### REQUIRED WORK
Although the data below contains pictures, output only the lines between those holding "Half bathroom featuring" and "Mulher de costas", inclusive, exactly and without those pictures.

### SOURCE MATERIAL

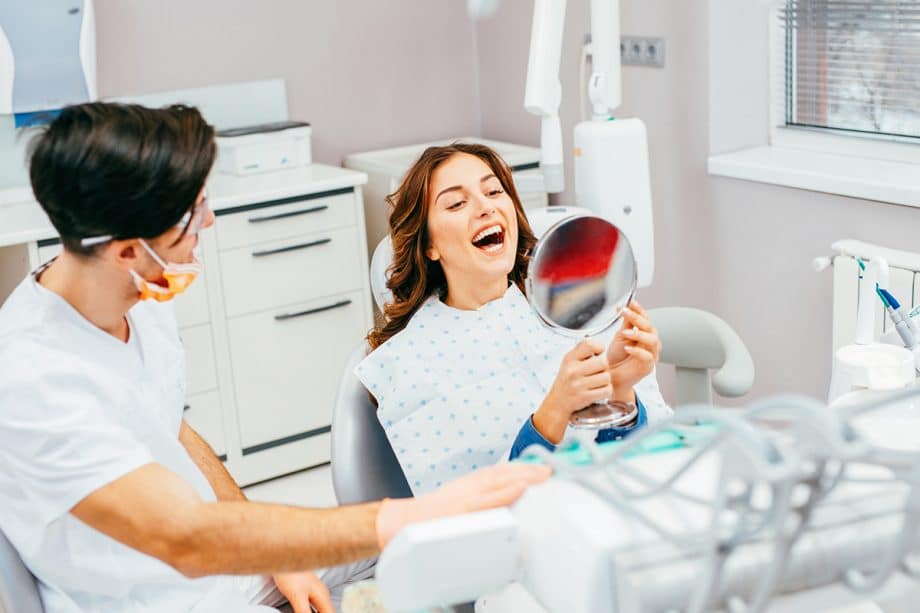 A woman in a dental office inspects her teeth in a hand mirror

---

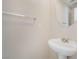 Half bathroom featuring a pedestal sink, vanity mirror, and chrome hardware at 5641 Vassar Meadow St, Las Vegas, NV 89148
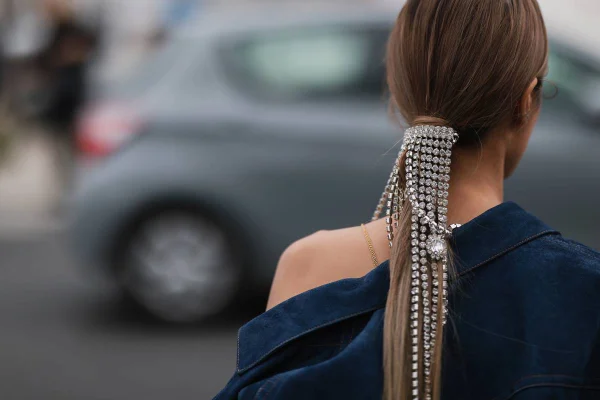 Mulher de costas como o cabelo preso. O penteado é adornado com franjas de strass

### RESPONSE AREA
 Half bathroom featuring a pedestal sink, vanity mirror, and chrome hardware at 5641 Vassar Meadow St, Las Vegas, NV 89148
 Mulher de costas como o cabelo preso. O penteado é adornado com franjas de strass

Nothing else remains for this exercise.